Lydia sabía que le estaba mintiendo, pero le parecía tan raro mantener aquella conversación ahí, boca arriba en la cama con él, que optó por no contradecirlo. Él se acercó aún más y le rozó una oreja durante un instante brevísimo. Lydia notó que la hinchazón de sus dedos era mucho menor, y deseó que volviera a acariciarle la oreja. La oreja, la cara, lo que él quisiera. Desde tan cerca le veía el bozo de la mandíbula, aunque no tan cerrado como el de Alfred. No tenía ni un pelo en el pecho, y al constatarlo supo que le gustaba así, que le gustaba aquella suavidad.

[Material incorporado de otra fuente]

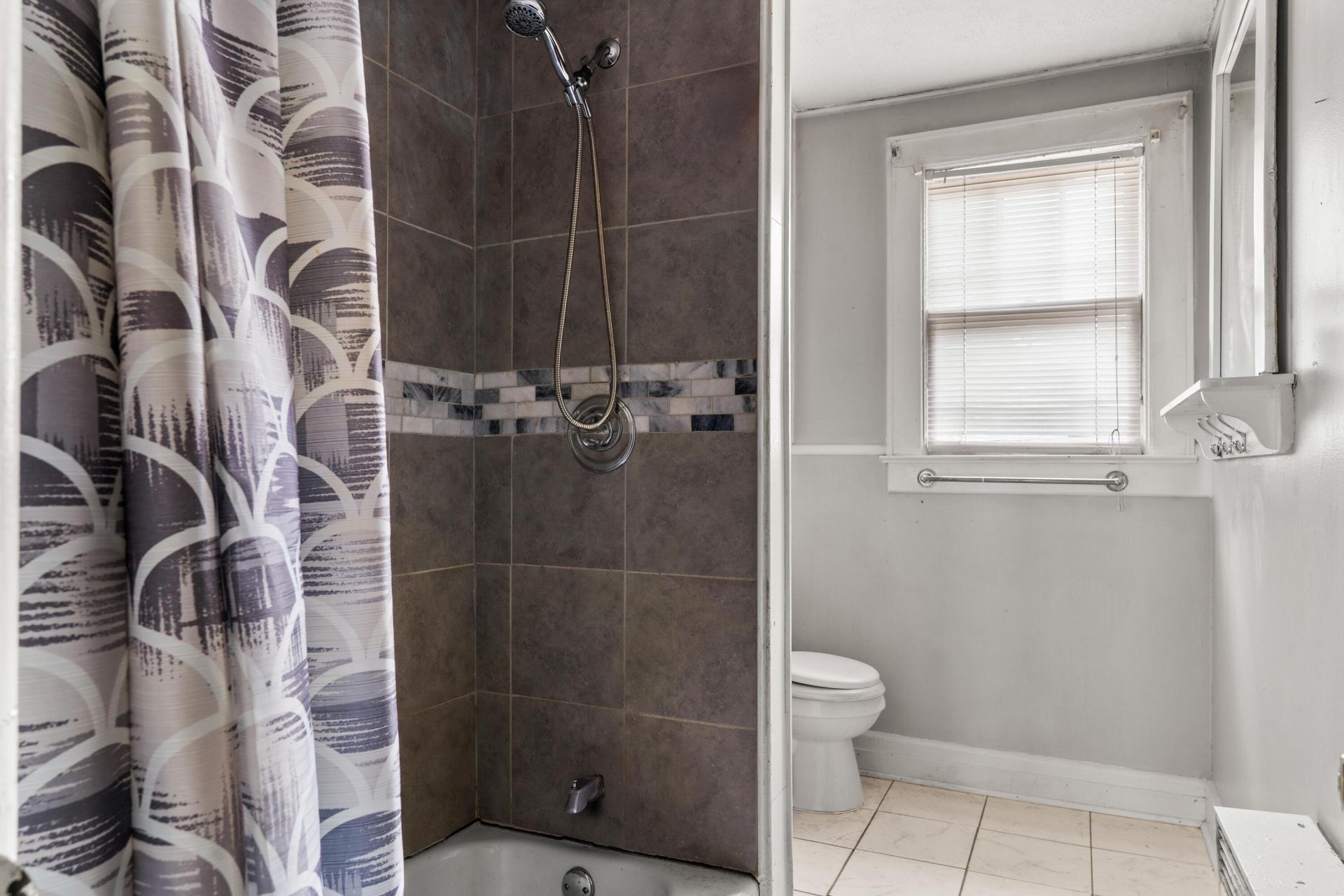 557 Louis Street Photo 14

Permanecieron en silencio, mirándose. No se trataba de un silencio incómodo, tenso, interminable, y parecía tan natural como la luz del sol que se colaba bajo la cortina, de modo que cuando ella, al cabo de un rato, se inclinó sobre él y le besó los labios, no existió el menor rubor, sino sólo una sensación de plenitud. Y un deseo imperioso de más. El deseo era tan fuerte que el cuerpo le dolía. Pero cuando menos lo esperaba, él cerró los ojos y la rechazó. Su decepción fue tal que tuvo que tragar saliva, pero se recordó a sí misma que estaba enfermo, gravemente enfermo, y que necesitaba reposo. Cuando se levantó de la cama, él no trató de impedírselo.

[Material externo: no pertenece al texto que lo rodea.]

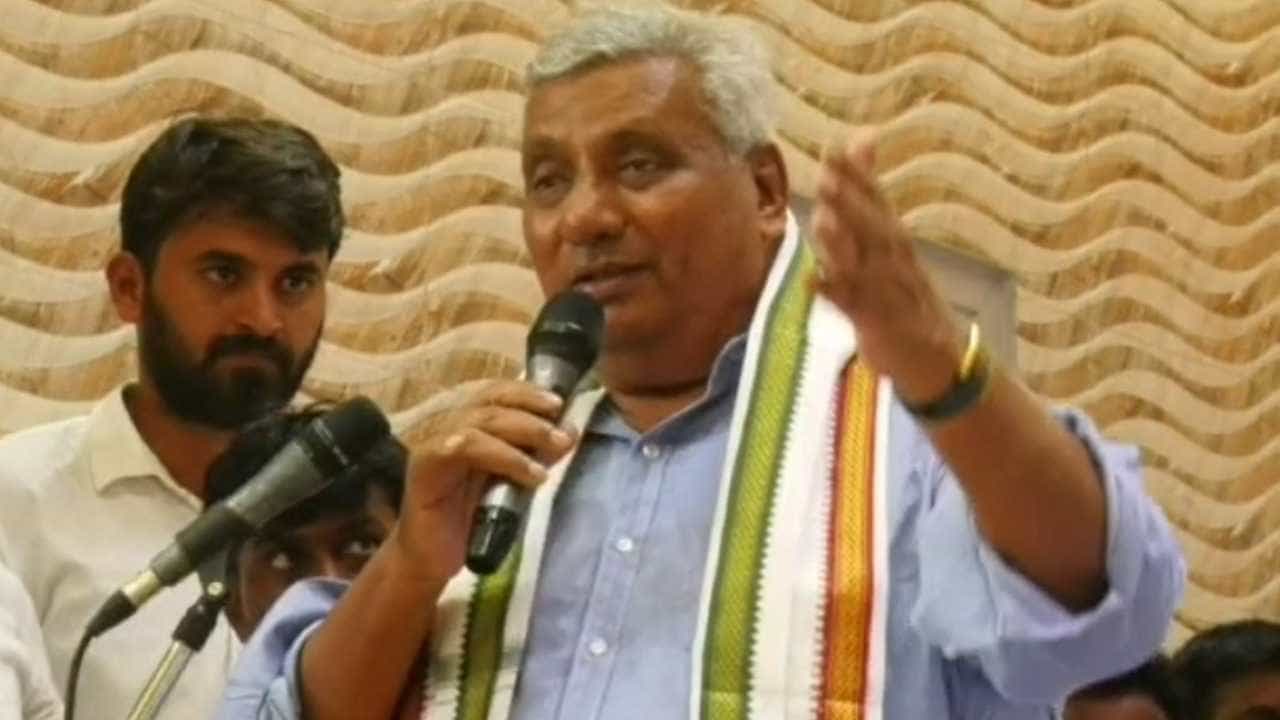 ಮಂತ್ರಾಕ್ಷತೆ ಅಯೋಧ್ಯೆಯಿಂದ ಬಂದಿಲ್ಲ: ಈ ನನ್ಮಕ್ಕಳೇ ಅಕ್ಕಿಗೆ ಅರಿಶಿಣ ಮಿಕ್ಸ್ ಮಾಡಿ ಹಂಚಿದ್ದಾರೆ ಎಂದ ಸಚಿವ ಮಂತ್ರಾಕ್ಷತೆ ಅಯೋಧ್ಯೆಯಿಂದ ಬಂದಿಲ್ಲ: ಈ ನನ್ಮಕ್ಕಳೇ ಅಕ್ಕಿಗೆ ಅರಿಶಿಣ ಮಿಕ್ಸ್ ಮಾಡಿ ಹಂಚಿದ್ದಾರೆ ಎಂದ ಸಚಿವ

Permaneció tendido, respirando profundamente, como si le doliera el pecho, la cabeza oscura e inmóvil sobre la almohada que todavía conservaba la huella de la suya.

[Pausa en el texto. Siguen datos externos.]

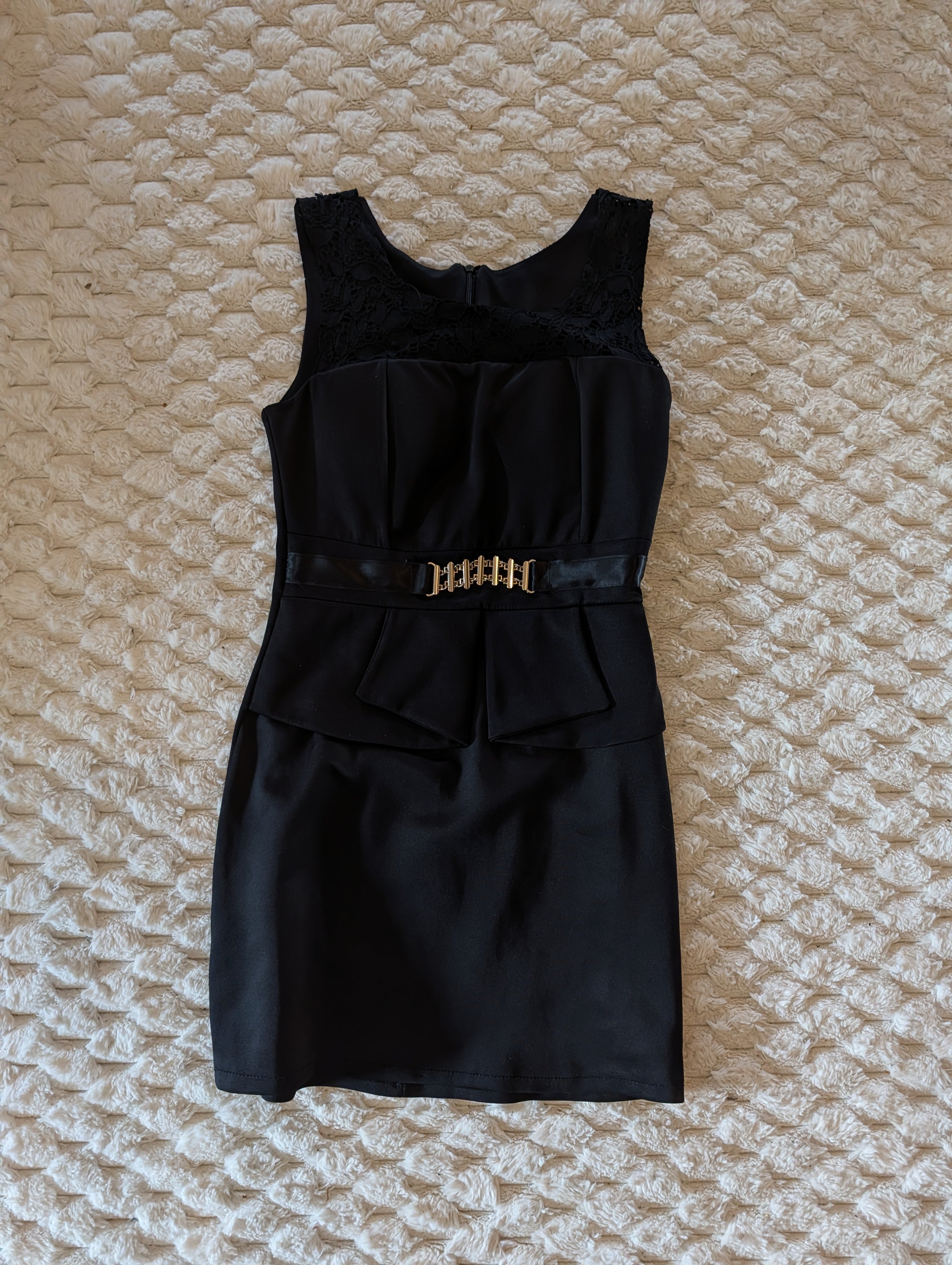 Czarna Sukienka Peplum z Koronką i Złotą Klamrą S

Recogió deprisa algo de ropa limpia y se metió en el baño. «Gospodi!» Debía de apestar. Llenó la bañera y vertió en ella un chorro del baño de espuma de su madre, de un color verde intenso. Se metió dentro y se frotó con fuerza. Para quitarse el dolor. Después se envolvió el pelo húmedo en una toalla y se puso el vestido limpio y el cardigan de lana nuevo que Valentina le había comprado, muy suave y de un amarillo pálido.

Se miró en el espejo colocado sobre el lavabo, intentando ver lo que Chang vería, pero no pudo. Sus huesos se habían recubierto de algo de carne, lo que era una mejora. Y le parecía que su madre tenía razón, porque en los últimos meses, la buena alimentación, que se debía a Alfred, no sólo le había redondeado la cara, sino también los pechos. No los tenía tan bonitos como los de Polly. Todavía no.

Sonrió. Mirándose al espejo. Y lo que vio le causó sorpresa. Era una sonrisa nueva por completo.

Cuando sonó el timbre esa vez, a Lydia no le sorprendió del todo. Casi lo esperaba.

– Será Polly -dijo, y bajó a abrir la puerta principal.

– Hola, Lyd, he venido a ver cómo te va. ¿No te sientes sola?

– Oh, Polly, la verdad es que ahora no me viene muy bien. Estaba…

– Hola, Lydia, cielo, te ves muy bien, hazme caso. La verdad es que estás radiante. Y ese color te sienta de maravilla.

– Gracias, señora Mason. No tienen por qué venir a ver cómo estoy, de veras. Me va muy bien.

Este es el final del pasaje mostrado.